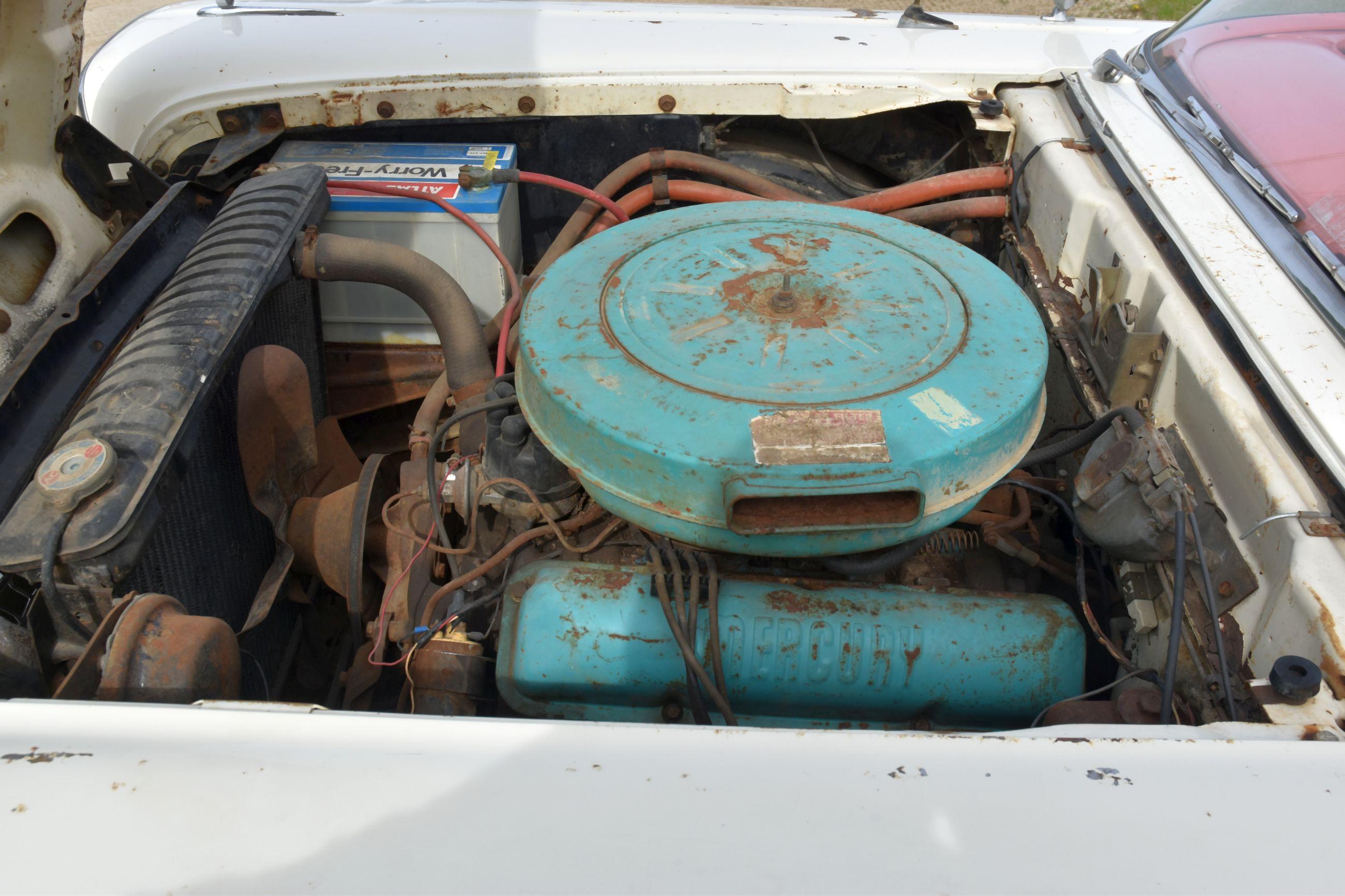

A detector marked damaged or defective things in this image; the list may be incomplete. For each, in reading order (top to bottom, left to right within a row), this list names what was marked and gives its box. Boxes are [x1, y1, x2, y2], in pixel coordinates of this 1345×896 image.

rusty metal bracket [54, 115, 167, 231]
rusty metal bracket [196, 104, 285, 180]
rusty surface [323, 341, 443, 419]
rusty surface [95, 596, 242, 709]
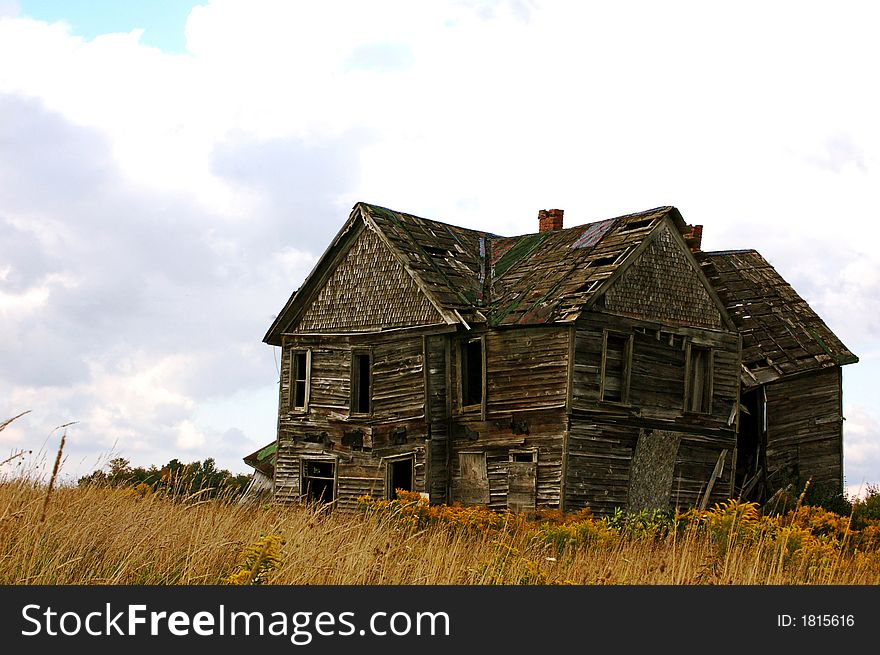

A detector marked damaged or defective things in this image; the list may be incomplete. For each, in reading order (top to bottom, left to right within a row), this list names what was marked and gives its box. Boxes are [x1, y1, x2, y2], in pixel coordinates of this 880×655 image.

# # #

=== The task ===
In full and without changes, repeat the listing above, but not its pictures.

=== Answer to this exercise ===
A detector marked damaged or defective things in this image; the list may be incomplete. For each, in reading order (top to bottom, left to right within a row), this list names what was marked and gives its box. Boxes are [x1, y1, x2, y2], in pixel coordinates of this 1345×896 image.

rusty metal bracket [54, 115, 167, 231]
rusty metal bracket [196, 104, 285, 180]
rusty surface [323, 341, 443, 419]
rusty surface [95, 596, 242, 709]

A detector marked damaged or defective things in this image; the list may be incomplete. For each, in reading order (top to bottom, left to right within a row), this list names what was marked and gives its box. Boxes are [x1, y1, x2, y2], in pixel coordinates of this 880×655 image.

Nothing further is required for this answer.